1. The trial court erred and abused its discretion in calculating the statutory guidelines amount of child support from which it deviated in arriving at defendant-appellant's child support obligation.

2. The trial court erred and abused its discretion in calculating the amount by which it deviated from the guidelines amount of child support in determining defendant-appellant's child support obligation.

3. The trial court erred and abused its discretion in its award of attorney fees.

{¶ 6} By the first assignment of error, appellant contends that the trial court erred in calculating the statutory guideline amount of child support because it erred in determining both appellant's and appellee's incomes. Appellant objects to the perks attributed to him in his income.

{¶ 7} Initially, we note that a trial court's modification of a prior child support order is within the broad discretion of the trial court and will not be disturbed absent an abuse of discretion. Woloch v. Foster (1994), 98 Ohio App.3d 806, 810, 649 N.E.2d 918. In order to find that the trial court abused its discretion, we must find more than an error of law or judgment, an abuse of discretion implies that the court's attitude is unreasonable, arbitrary or unconscionable. Blakemore v.Blakemore (1983), 5 Ohio St.3d 217, 219, 450 N.E.2d 1140. Most instances of an abuse of discretion result in decisions that are unreasonable, as opposed to arbitrary and capricious. AAAA Enterprises, Inc. v. River PlaceCommunity Urban Redevelopment Corp. (1990), 50 Ohio St.3d 157,553 N.E.2d 597. A decision that is unreasonable is one that has no sound reasoning process to support it.

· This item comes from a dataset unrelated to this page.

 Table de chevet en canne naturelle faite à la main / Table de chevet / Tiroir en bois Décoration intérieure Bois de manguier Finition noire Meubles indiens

{¶ 8} Where, as in this case, the combined gross income of the parents is greater than $150,000, per year, the court shall calculate the child support obligation on a case-by-case basis. R.C. 3119.04(B). The court is to consider the needs and the standard of living of the children and of the parents. R.C. 3119.04(B) provides in pertinent part, as follows:

(B) If the combined gross income of both parents is greater than one hundred fifty thousand dollars per year, the court, with respect to a court child support order * * * shall determine the amount of the obligor's child support obligation on a case-by-case basis and shall consider the needs and the standard of living of the children who are the subject of the child support order and of the parents. The court or agency shall compute a basic combined child support obligation that is no less than the obligation that would have been computed under the basic child support schedule and applicable worksheet for a combined gross income of one hundred fifty thousand dollars, unless the court or agency determines that it would be unjust or inappropriate and would not be in the best interest of the child, obligor, or obligee to order that amount. If the court or agency makes such a determination, it shall enter in the journal the figure, determination, and findings.

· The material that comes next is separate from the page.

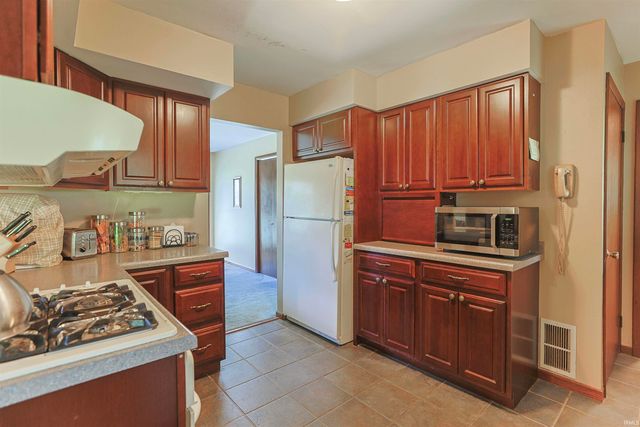 6384 N 900 E Road, New Carlisle, IN 46552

{¶ 9} In this case, the parties retained Richard Ferguson, a certified public accountant, to review the financial documents, to ascertain the parties' incomes and to prepare an analysis of that income and child support worksheets. (Tr. at 15-16.) The evidence was presented by Joint Exhibits 1, and 1-A through Q. Mr. Ferguson testified regarding his findings. Appellant is the sole shareholder of A-1 Plumbing and Davey Drain, and makes all the financial decisions related to the companies. In 2001, appellant received salary income from the businesses totaling $120,398.44, income from dividends and interest totaling $7,319, distributions from his companies totaling $48,348, and rental income totaling $51,986. (Jt. Ex. 1-B.) Mr. Ferguson attributed cash perks to appellant's income of $28,830.18 and defined the perks as items the corporation paid for that were not ordinary, necessary business expenses or expenses that related to a personal nature rather than the ordinary course of business. (Tr. at 44.) Mr.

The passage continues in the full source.